The 78 caught the attention of Blue Goose Records, which offered to produce and release an LP of the band, which had changed its name to the Cheap Suit Serenaders after "hurriedly buying suits at the Salvation Army in order to meet the minimum dress code required of the band at a posh wedding." R. Crumb and his Cheap Suit Serenaders released their first album in 1974.

Over time, the trio added Dan Wheetman (later of the band Marley's Ghost), Terry Zwigoff on cello, and Tom Marion on guitar and mandolin. In 1978, Tony Marcus replaced Marion. Also in 1978, guitarist Bob Brozman came in for the band's third album.

By the mid-1980s, the group played fewer live shows because Armstrong and Crumb had moved out of the Bay Area; by the mid-1990s Crumb had moved to France.

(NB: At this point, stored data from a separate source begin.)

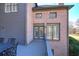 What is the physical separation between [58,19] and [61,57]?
0.51 meters

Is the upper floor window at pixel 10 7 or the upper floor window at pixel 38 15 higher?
the upper floor window at pixel 10 7

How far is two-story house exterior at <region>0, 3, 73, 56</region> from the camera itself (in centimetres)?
210

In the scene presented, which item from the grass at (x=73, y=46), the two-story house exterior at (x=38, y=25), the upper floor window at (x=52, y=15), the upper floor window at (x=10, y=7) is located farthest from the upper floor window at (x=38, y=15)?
the grass at (x=73, y=46)

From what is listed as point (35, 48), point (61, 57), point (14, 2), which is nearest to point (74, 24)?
point (61, 57)

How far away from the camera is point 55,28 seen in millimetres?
2131

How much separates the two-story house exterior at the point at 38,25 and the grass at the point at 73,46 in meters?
0.05

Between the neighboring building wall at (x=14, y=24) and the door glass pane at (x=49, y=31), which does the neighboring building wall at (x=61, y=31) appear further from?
the neighboring building wall at (x=14, y=24)

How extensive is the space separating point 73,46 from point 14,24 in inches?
33.7

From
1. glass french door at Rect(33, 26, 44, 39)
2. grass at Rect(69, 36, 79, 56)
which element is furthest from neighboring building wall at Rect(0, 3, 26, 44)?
grass at Rect(69, 36, 79, 56)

As of 2006, R. Crumb was no longer much involved with the group; the band at that time included Robert Armstrong (vocals, musical saw, guitar), Bob Brozman (vocals, various resonator instruments, guitar, ukulele), Al (Allan) Dodge (vocals, mandolin), Terry Zwigoff (saw, cello, Stroh violin, and mandolin), and Tony Marcus (vocals, guitar, and fiddle).

Brozman died in 2013; as of 2017, the other members of the group still play annually at the Freight and Salvage, a folk-oriented concert venue in Berkeley, California.

== Discography ==
The band's 33⅓ rpm albums, all recorded in the 1970s on the Blue Goose Records label, were titled R. Crumb and his Cheap Suit Serenaders (1974), R. Crumb and his Cheap Suit Serenaders No. 2 (1976), and R. Crumb and his Cheap Suit Serenaders No. 3 (1978); the latter two were reissued on the Shanachie Records label in 1993 as Chasin' Rainbows and Singing In the Bathtub respectively.

As a novelty, the band issued a number of 78 rpm 10-inch singles for Blue Goose, long after the format was obsolete. The most familiar is probably R. Crumb and his Cheap Suit Serenaders' Party Record (1980), with the double-entendre "My Girl's Pussy" on the "A" side and X-rated "Christopher Columbus" on the "B" side.

== In popular culture ==
The band is referenced in the 2001 film Ghost World, directed by Zwigoff. Enid asks Seymour about the band's second album, Chasin' Rainbows, and Seymour replies, "Nah, that one's not so great."

The Cheap Suit Serenaders songs "Chasin' Rainbows" and "Hula Medley" were both featured on the American Splendor (Original Motion Picture Soundtrack), released by New Line Records in 2003. (American Splendor is based on the writings of Harvey Pekar, with whom R. Crumb collaborated many times.)

The Cheap Suit Serenaders' version of "My Girl's Pussy" is used as the opening theme song of the Australian television comedy series Laid, which premiered in 2011.